Deep Learning-Based Object Pose Estimation: A Comprehensive Survey

Object pose estimation is a fundamental computer vision problem with broad applications in augmented reality and robotics. Over the past decade, deep learning models, due to their superior accuracy and robustness, have increasingly supplanted conventional algorithms reliant on engineered point pair features. Nevertheless, several challenges persist in contemporary methods, including their dependency on labeled training data, model compactness, robustness under challenging conditions, and their ability to generalize to novel unseen objects. A recent survey discussing the progress made on different aspects of this area, outstanding challenges, and promising future directions, is missing. To fill this gap, we discuss the recent advances in deep learning-based object pose estimation, covering all three formulations of the problem, \emph{i.e.}, instance-level, category-level, and unseen object pose estimation. Our survey also covers multiple input data modalities, degrees-of-freedom of output poses, object properties, and downstream tasks, providing the readers with a holistic understanding of this field. Additionally, it discusses training paradigms of different domains, inference modes, application areas, evaluation metrics, and benchmark datasets, as well as reports the performance of current state-of-the-art methods on these benchmarks, thereby facilitating the readers in selecting the most suitable method for their application.

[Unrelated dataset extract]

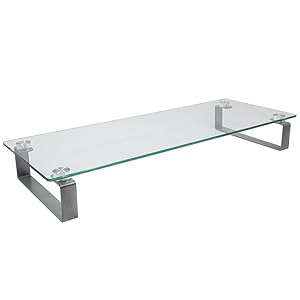 INOVU MS-TG - RÉHAUSSEUR ÉCRAN EN VERRE TREMPÉ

Finally, the survey identifies key challenges, reviews the prevailing trends along with their pros and cons, and identifies promising directions for future research. We also keep tracing the latest works at https://github.com/CNJianLiu/Awesome-Object-Pose-Estimation.

翻译：物体姿态估计是计算机视觉领域的一个基础问题，在增强现实和机器人技术中具有广泛的应用。在过去的十年中，深度学习模型凭借其卓越的准确性和鲁棒性，已逐渐取代了依赖人工设计的点对特征的传统算法。然而，当代方法仍存在若干挑战，包括对标注训练数据的依赖、模型的紧凑性、在挑战性条件下的鲁棒性，以及泛化到未见过的物体的能力。目前尚缺乏一篇综述来讨论该领域不同方面的进展、存在的挑战以及有前景的未来方向。为填补这一空白，本文讨论了基于深度学习的物体姿态估计的最新进展，涵盖了该问题的所有三种表述形式，即实例级、类别级以及未见物体姿态估计。我们的综述还涵盖了多种输入数据模态、输出姿态的自由度、物体属性以及下游任务，为读者提供了对该领域的整体理解。此外，本文讨论了不同领域的训练范式、推理模式、应用领域、评估指标和基准数据集，并报告了当前最先进方法在这些基准上的性能，从而帮助读者为其应用选择最合适的方法。最后，本文指出了关键挑战，回顾了主流趋势及其优缺点，并确定了未来研究的有前景的方向。我们还在 https://github.com/CNJianLiu/Awesome-Object-Pose-Estimation 持续追踪最新工作。